Et enfin, il va falloir aussi entamer une réflexion avec les pays africains ?) pour rediscuter les termes de ce que l’on a nommé « La Conférence de Berlin » de 1884-1885 qui initialement n’était autre que ‘Kongo-Konferenz’. Il ne fait aucun doute que les conflits qui minent aujourd’hui l’Afrique centrale tirent leurs origines dans ce découpage initial n’ayant pas tenu compte des réalités sociologiques des peuples vivants dans cette région, tout en fabriquant de toutes pièces des ‘pays’ sans demander l’avis des principaux concernés.

MAP Info : Les attentes des Noirs de France sont fortes en matière d’initiatives économiques comme vous venez de le souligner ; comment voyez-vous le développement de votre programme dans ce domaine ?

GHPV : Nous n’avons pas pour habitude de pérorer. Seul le résultat des actions mises en place compte. Chacun au CRAN travaille dans son domaine de compétence pour une meilleure efficacité. Ainsi, nous avons des spécialistes, experts-comptables et juristes qui travaillent d’arrache-pied sur ces questions au CRAN. Nous continuons donc à nous bonifier et à grandir. Nous sommes ouverts à toutes propositions innovantes qui visent à défendre les intérêts de notre communauté.

MAP Info : Pour les représentants d’associations souhaitant entrer en contact avec le CRAN pour présenter des projets ; quels conseils leur donneriez-vous ?

GHPV : Premièrement de bien spécifier leur domaine de compétence.
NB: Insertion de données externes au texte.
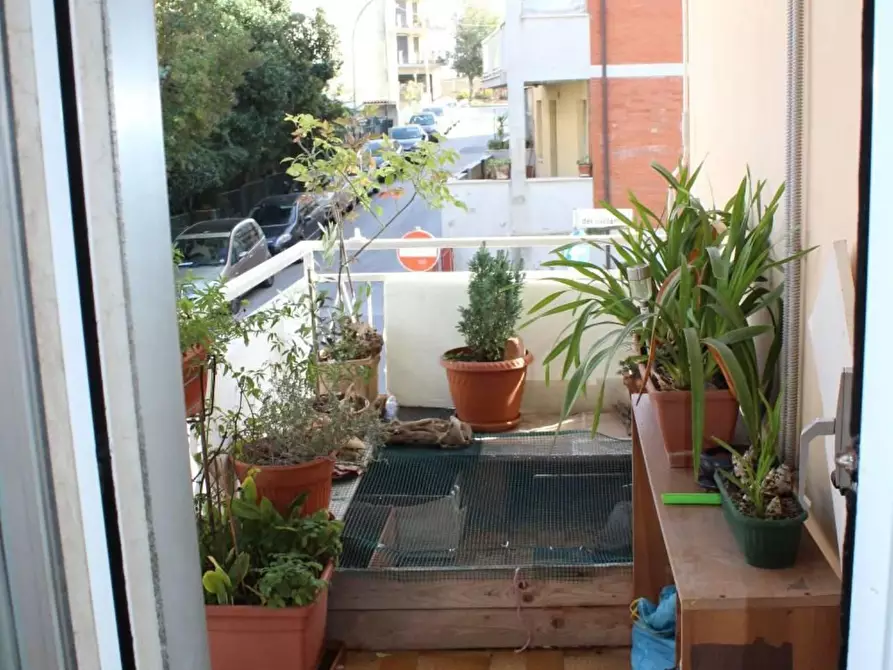 Immagine 13 di Appartamento in vendita  in del Giglio a Vasto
Puis de bien identifier la problématique/thème qu’ils souhaitent traiter. Et surtout d’être force de proposition pour des solutions éventuelles. Dénoncer c’est bien, agir c’est mieux. Donc être bien conscients que personne ne fera le travail à notre place. Tous ceux qui ont beaucoup d’idées et qui ne sont pas prêts à s’investir doivent s’abstenir. Il n’y a qu’en étant acteur de notre devenir qu’on est cohérent et crédible dans notre action. Enfin, prendre directement contact avec nous via notre site web http://le-cran.fr/

Quelle que soit votre situation géographique, nous vous recontacterons car nous sommes accessibles et réactifs. Le MAP et d’autres peuvent en témoigner.

MAP Info : Merci d’avoir répondu à nos questions ; nous vous souhaitons un plein succès dans vos activités au sein du CRAN.

GHPV : Bravo pour votre travail qui va dans le sens de la conscientisation de notre communauté et merci à vous. Pour conclure, je dirais que le CRAN est de plus en plus à sa place et joue le rôle que sa communauté attend de lui en étant de plus en plus présent face aux préoccupations qui impactent les Noirs et afro-descendants au quotidien. C’est en cela que les associations nouvelles s’identifient et suivent le CRAN. Néanmoins, nous sommes conscients que nous avons encore de nombreux défis à relever.